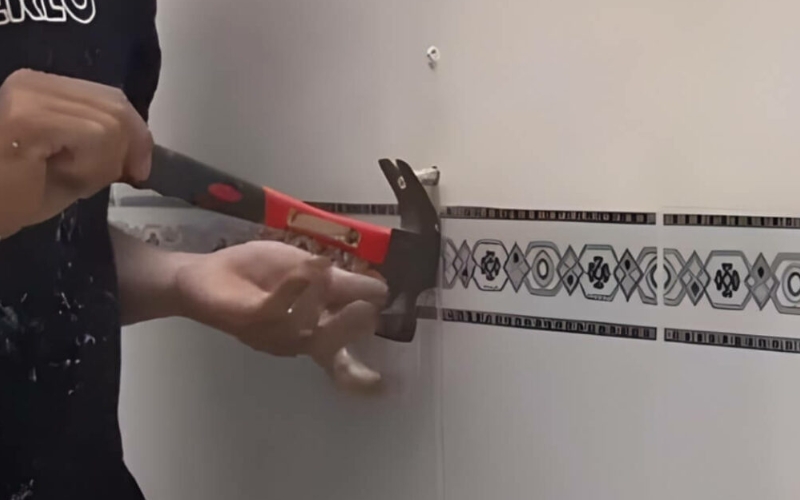 Cách tháo tắc kê nhựa ra khỏi tường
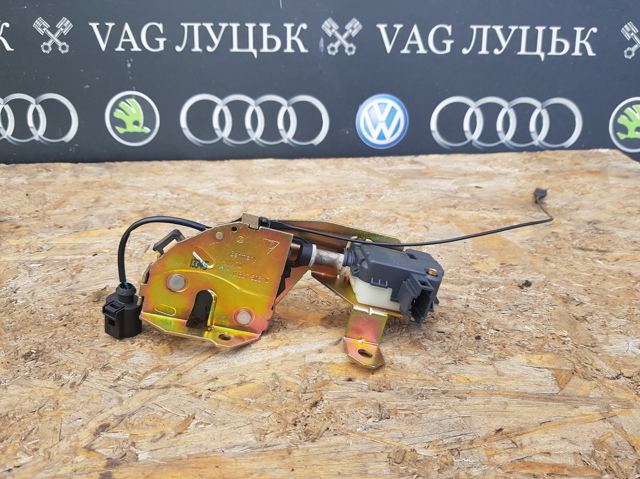 Замок скла задніх 3/5-х дверей (ляди) 7L0827506D VAG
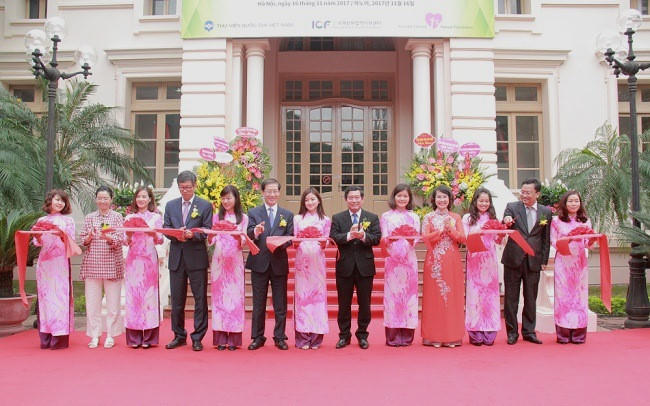 Khai trương Thư viện Văn hóa Thiếu nhi Việt Nam.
==================================================
§ **WORK TO BE COMPLETED**:
The lines to copy run from the line containing "Замок скла задніх" through the end of the data above; copy exactly those, minus the pictures.

§ **WRITTEN RESPONSE**:
 Замок скла задніх 3/5-х дверей (ляди) 7L0827506D VAG
 Khai trương Thư viện Văn hóa Thiếu nhi Việt Nam.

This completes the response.